Institution: University of Cincinnati
EPA Project Officer: Boddie, Georgette
Project Period: January 1, 1997 through January 1, 1998
Project Amount: $102,000
RFA: STAR Graduate Fellowships (1997) RFA Text | Recipients Lists
Research Category: Fellowship - Toxicology , Academic Fellowships , Health Effects
The objective of this research project is to characterize the biological consequences of exposure to mixtures of the pro-oxidant metals, cadmium, chromium, arsenic, or nickel, and ligands for the aromatic hydrocarbon receptor (AHR), such as benzo(a)pyrene and 2,3,7,8-tetrachlorodibenzo-p-dioxin (TCDD).

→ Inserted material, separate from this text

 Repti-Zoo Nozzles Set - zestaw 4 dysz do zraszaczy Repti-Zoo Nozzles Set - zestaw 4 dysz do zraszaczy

To test the hypothesis that pro-oxidant metals could alter AHR-dependent responses, I we have pursued three specific aims: (1) the evaluation of a yeast model for assessing the effects of pro-oxidants on AHR activation; (2) the characterization of the effect of pro-oxidant metals on AHR-dependent gene expression in mammalian cells; and (3) the evaluation of the biological consequences of gene expression changes by analyzing BaP-DNA adduct patterns. Using a yeast two-hybrid system, we show that AHR activity in yeast accurately reflects ligand affinities reported for whole-animal studies, but cadmium or chromium do not eaffect AHR-activation. We found that pro-oxidant metals differentially affect TCDD-inducible cytochrome P450 CYP1A1, and NADPH-quinone oxidoreducatase mRNA accumulation, and enzyme activities in mouse hepatoma cells. Cadmium and arsenic effects paralleled the ability of these metals to activate an b-galactosidase reporter regulated by oxidative stress, while the effects of chromium were not oxidative stress- dependent. Chromium did not block AHR activation, but it inhibited gene transcription. These data indicate that co-exposure to pro-oxidant metals and aromatic hydrocarbon receptor ligands disrupt the coordinate regulation of detoxification genes, leading to enzymatic imbalances that may have important consequences for the toxicity of complex mixtures. To test the biological significance of altered detoxification gene expression, we will correlate changes in enzyme activity with BaP-DNA adduct formation in human lung cell lines.